### EXERCISE AIM
Please, starting at the line that contains "p>凯特·哈德森 i>(kate hudson)", reproduce every line exactly until the records run out, skipping all pictures.

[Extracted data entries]
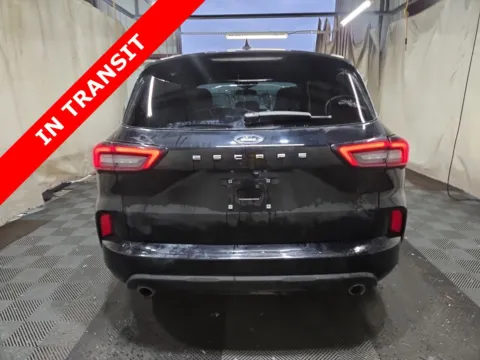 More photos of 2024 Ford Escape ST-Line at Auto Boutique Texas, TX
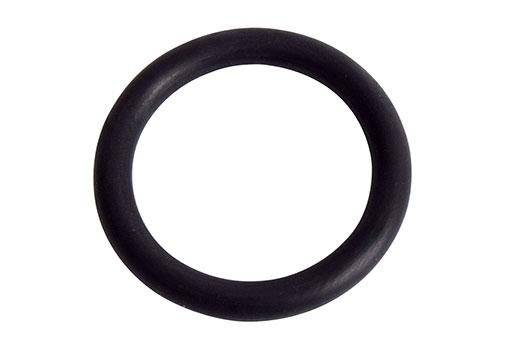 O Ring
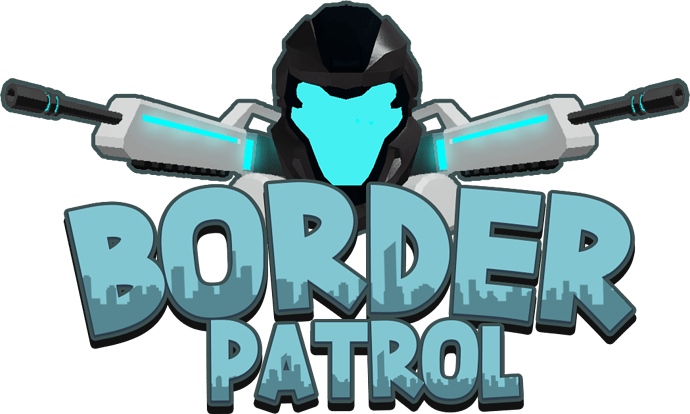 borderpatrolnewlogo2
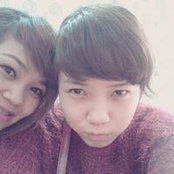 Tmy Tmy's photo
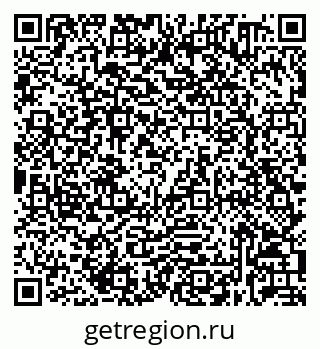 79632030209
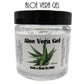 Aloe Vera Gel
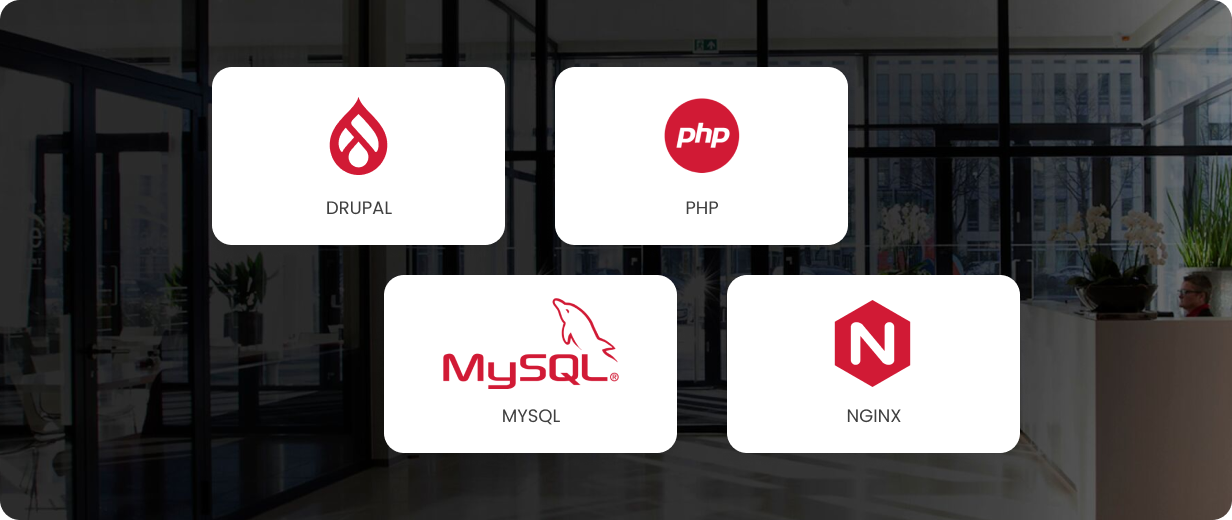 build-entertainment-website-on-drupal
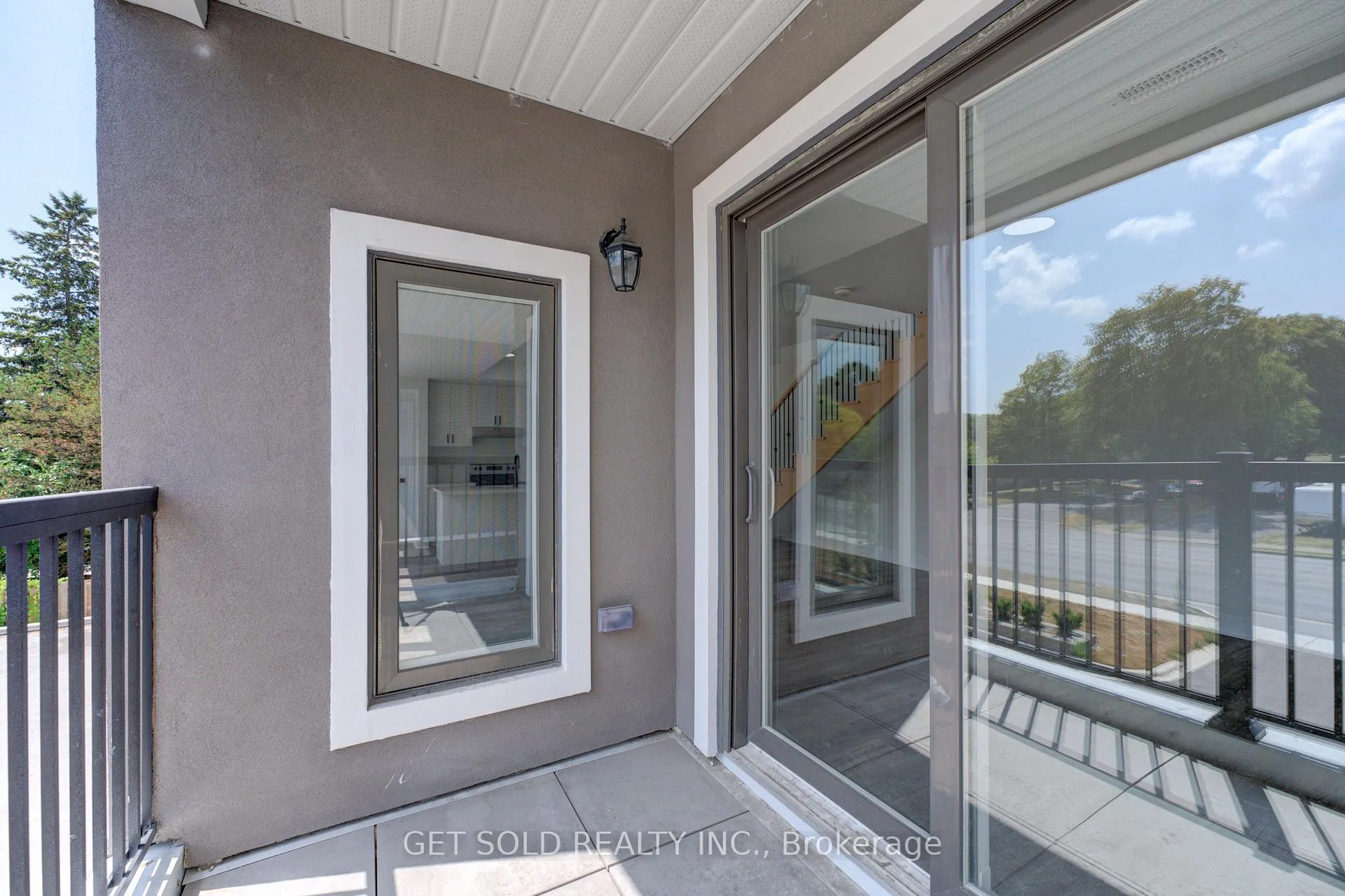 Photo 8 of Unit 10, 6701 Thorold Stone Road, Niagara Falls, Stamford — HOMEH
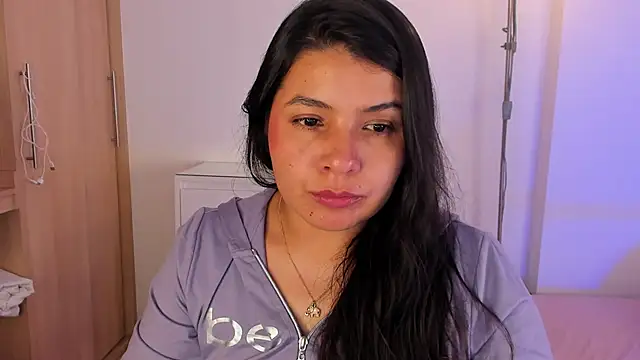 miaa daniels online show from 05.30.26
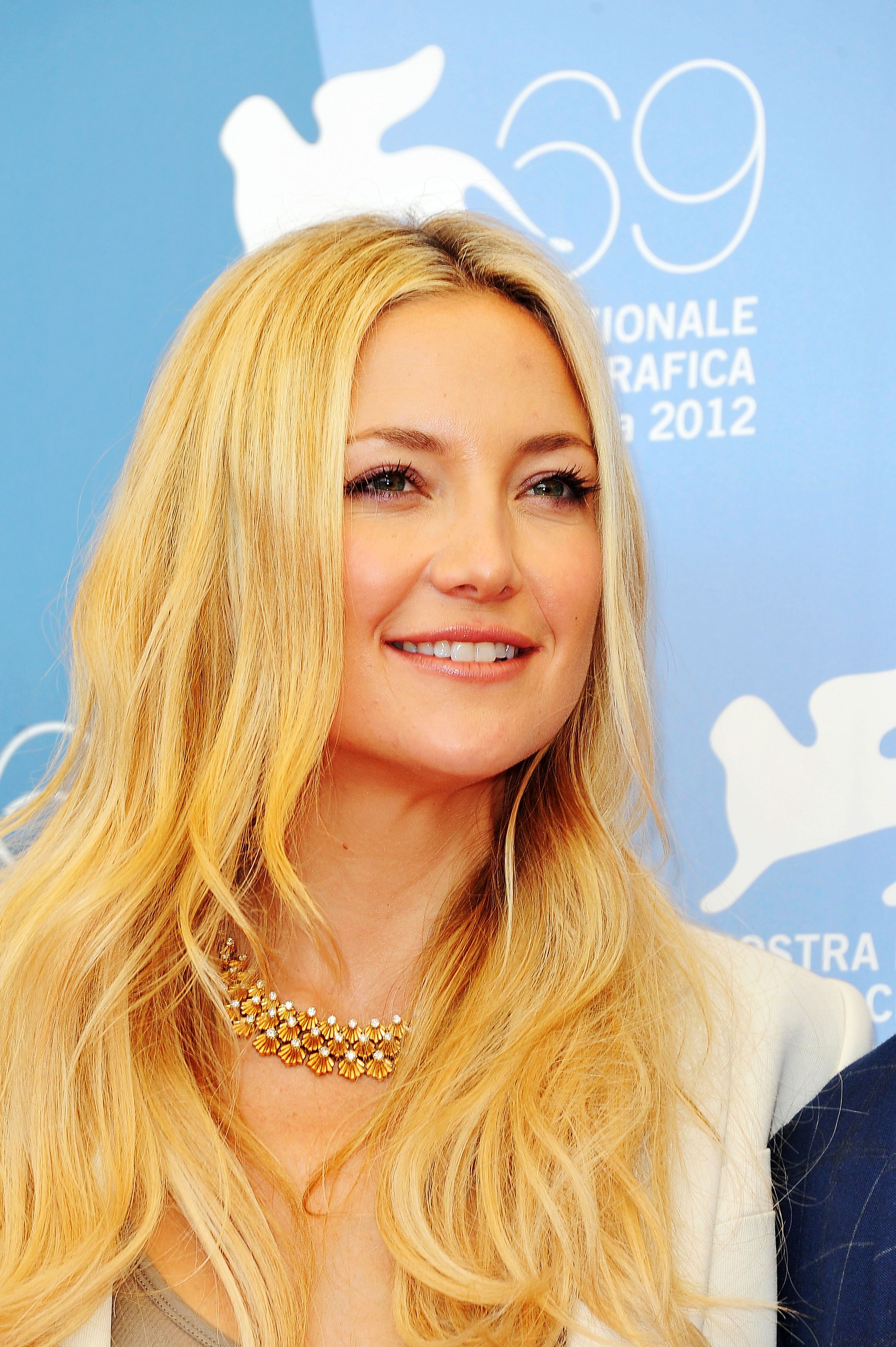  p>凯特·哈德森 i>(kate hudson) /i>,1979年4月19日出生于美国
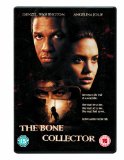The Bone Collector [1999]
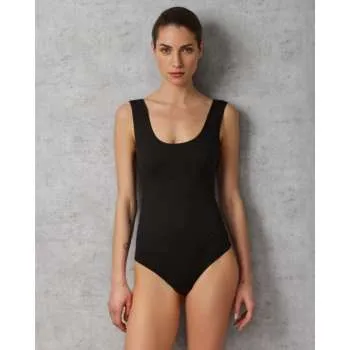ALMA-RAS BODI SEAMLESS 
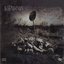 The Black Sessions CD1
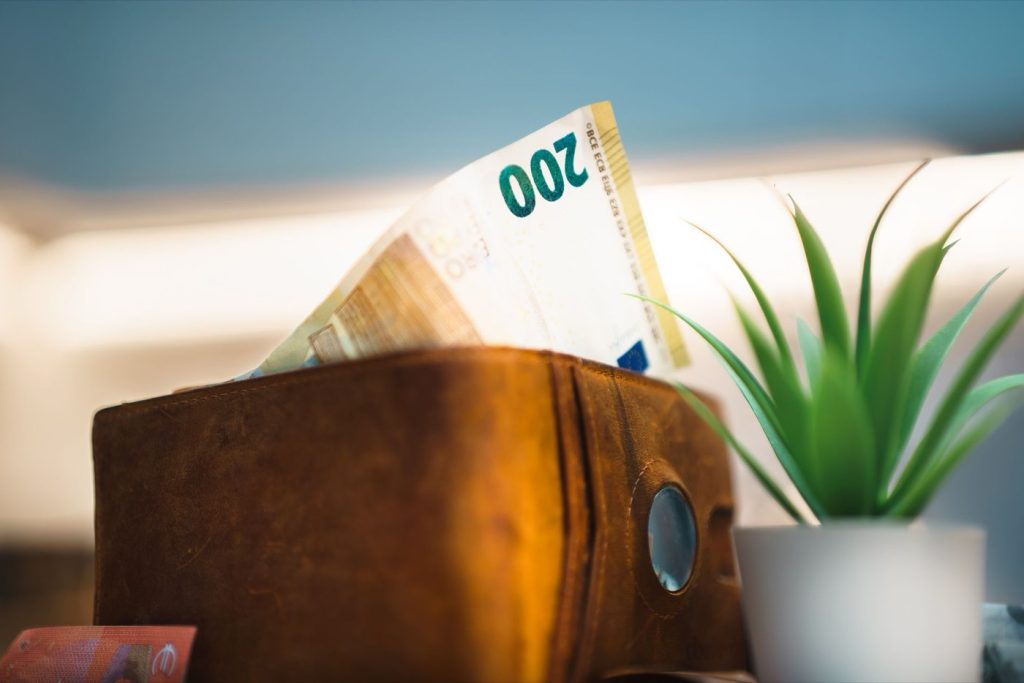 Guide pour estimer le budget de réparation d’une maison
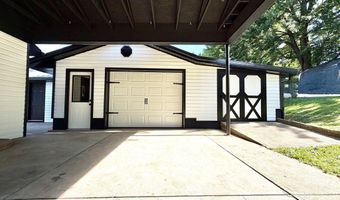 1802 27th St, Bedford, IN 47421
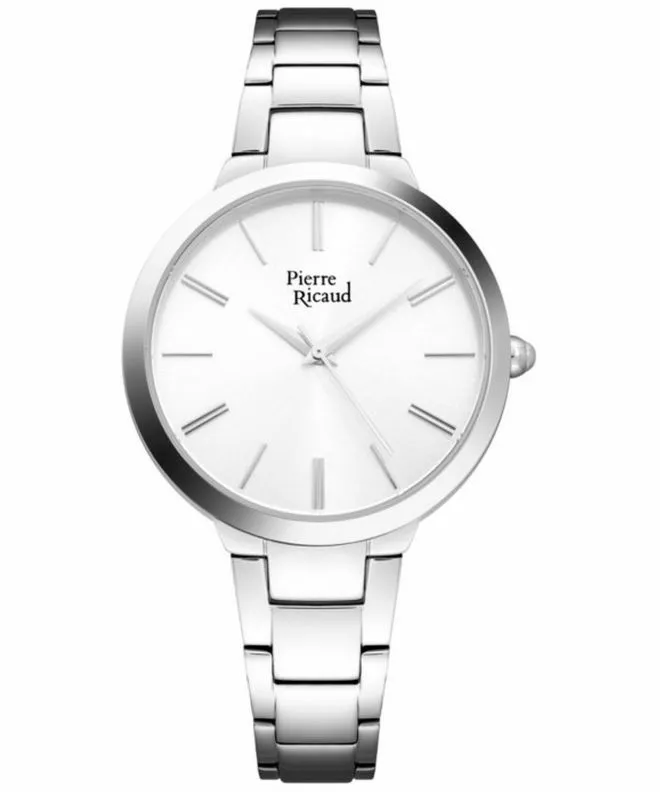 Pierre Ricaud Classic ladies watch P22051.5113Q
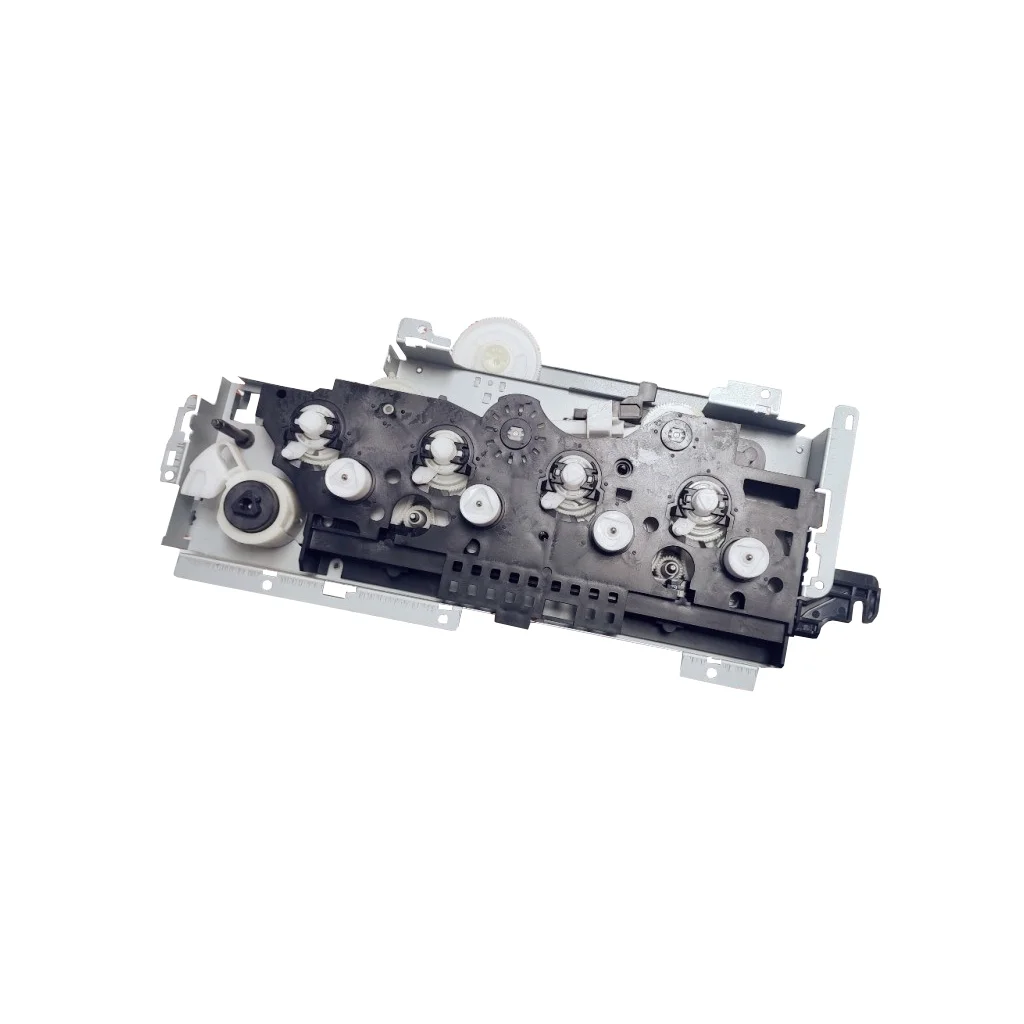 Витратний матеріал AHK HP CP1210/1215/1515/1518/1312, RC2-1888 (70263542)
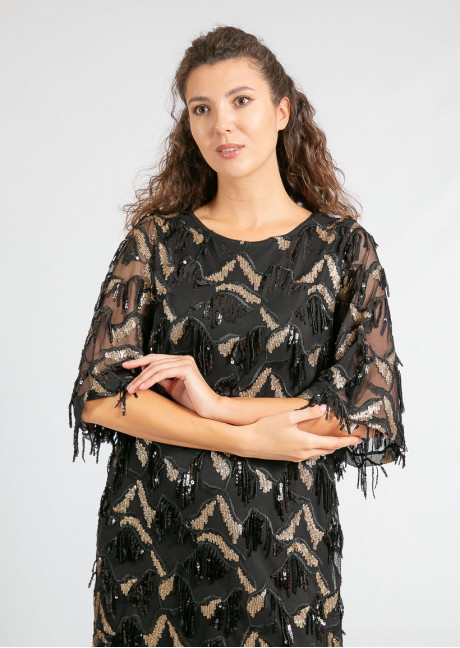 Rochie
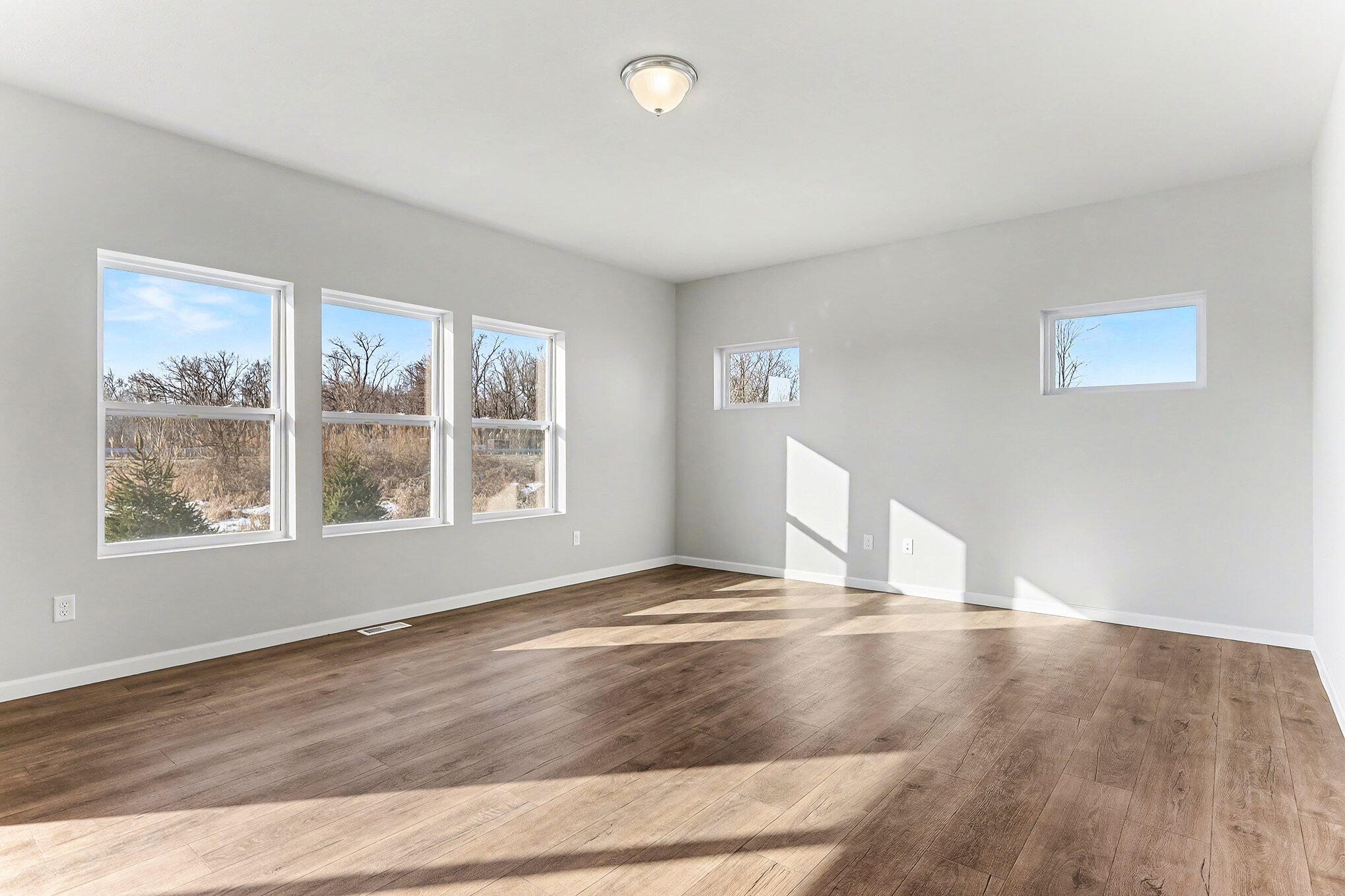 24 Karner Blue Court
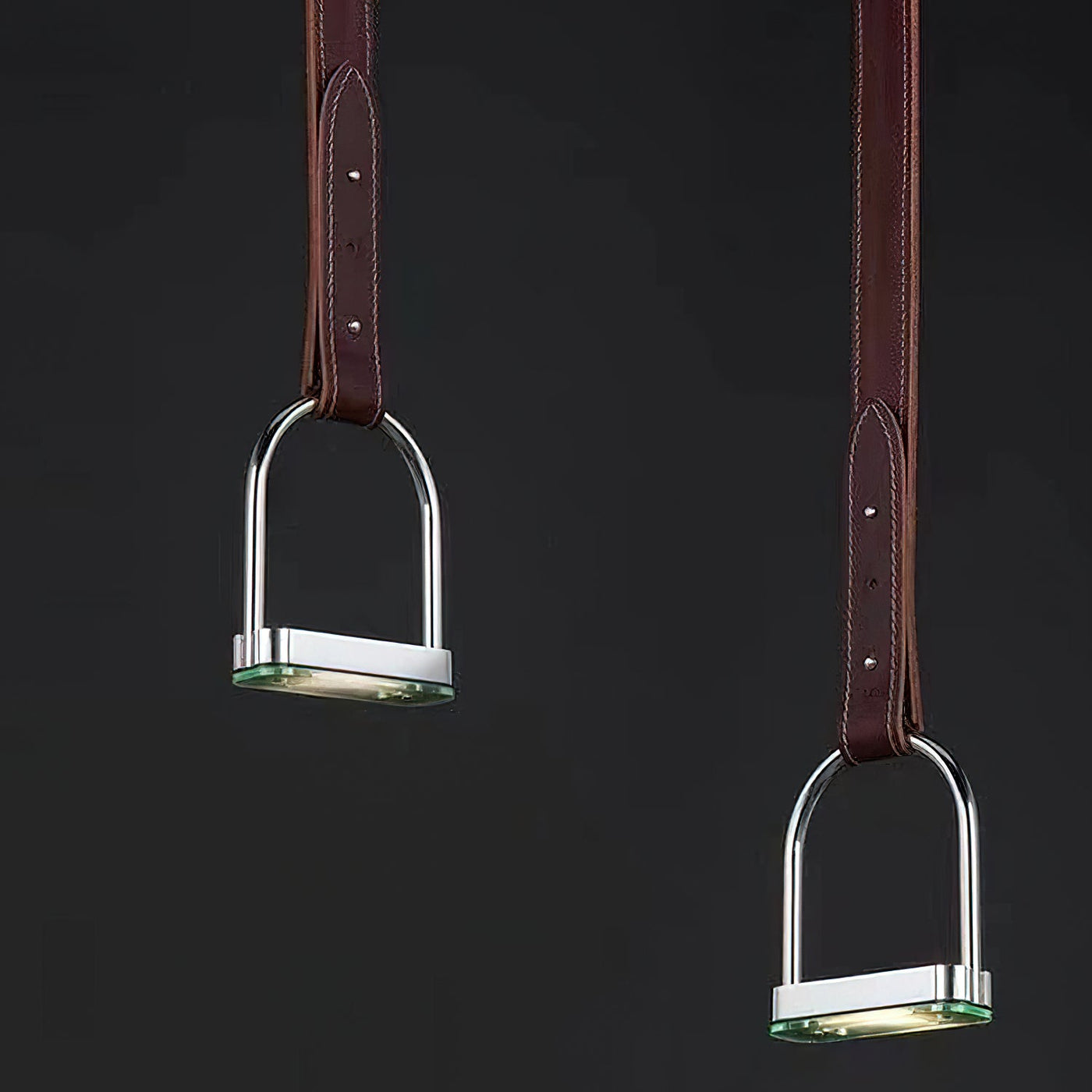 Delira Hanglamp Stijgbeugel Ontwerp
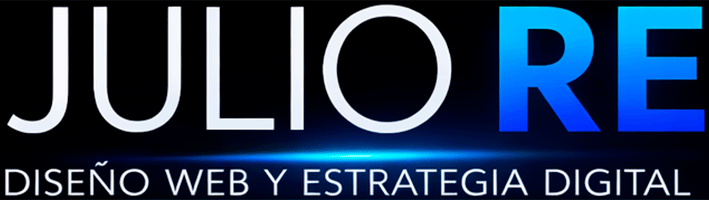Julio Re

### EXERCISE OUTPUT
  p>凯特·哈德森 i>(kate hudson) /i>,1979年4月19日出生于美国
The Bone Collector [1999]
ALMA-RAS BODI SEAMLESS 
 The Black Sessions CD1
 Guide pour estimer le budget de réparation d’une maison
 1802 27th St, Bedford, IN 47421
 Pierre Ricaud Classic ladies watch P22051.5113Q
 Витратний матеріал AHK HP CP1210/1215/1515/1518/1312, RC2-1888 (70263542)
 Rochie
 24 Karner Blue Court
 Delira Hanglamp Stijgbeugel Ontwerp
Julio Re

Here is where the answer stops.